What is songo? Oh it’s so revolutionary you will never want to live without it again. It’s an app for restaurant AND grocery delivery (and featuring a laundry service soon). Imagine all your favourite, go-to restaurants in one app along with their delivery menus so that you can click your way around to order whatever you’re in the mood for for a nominal delivery fee.
But wait! It gets better! Songo also does your grocery shopping for you with a list of vendors and supermarkets updating their inventory online so you can literally pay someone to deliver your apples, red beets, potatoes (we’re still in the land of root vegetables), bottles of wine, tea, flowers, and whatever else you can find. Yes, when I am running low on fruit, I’d rather pay someone $1 to bring whatever I desire directly to my home than sit in traffic and figure out how to work the scales and barter for a good price (fine, there’s not much bartering here).

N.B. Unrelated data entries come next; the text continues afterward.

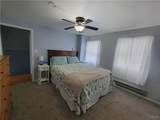 218 Stuart Street - Photo 20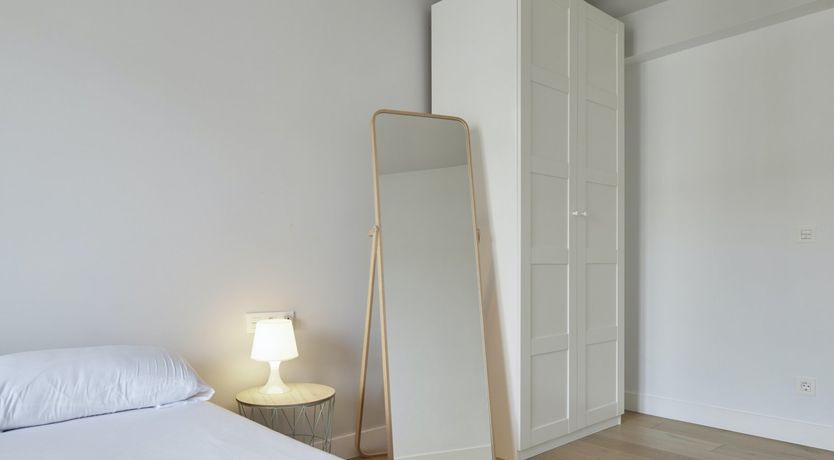 Photo of Amara Amaro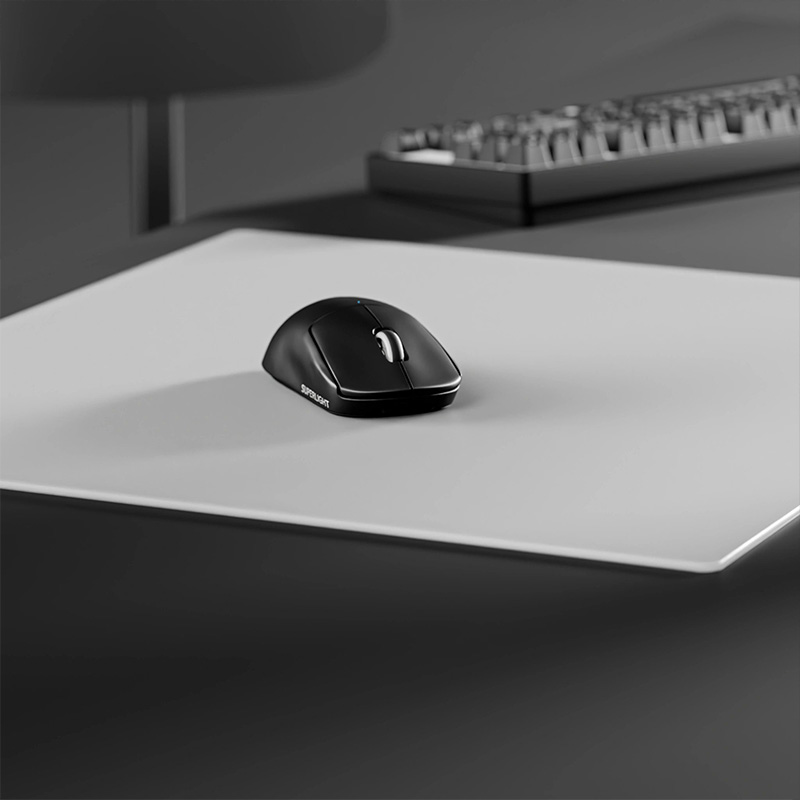 Nuovo Tappetino per Mouse da G - Fps Gaming Mouse recensione e prezzo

Oh, you like access to fresh food delivered directly to your front door? Well then wait until you hear about my absolutely favourite thing in the world of grocery shopping in UB – the Greenbox. Yes, it’s another Facebook link since that’s how information travels here.
What is the Greenbox? It’s a weekly delivery service of a box full of organic, fresh, and local Mongolian vegetables delivered right to your front door! Yes, all organic veggies and they are delicious! See?
And it’s a true “green” box in every sense of the word – no plastic bags, no waste. All this every week for about $10. Brought to your front door. Yes, please! (Side note: it’s still an uphill battle to get our kids to enjoy red beets…. another local ingredient that is being added to my cooking repertoire!).
And that’s how I shop here. Not bad, right? I assume by the time we get back to the US, songo will have taken over North America as well ….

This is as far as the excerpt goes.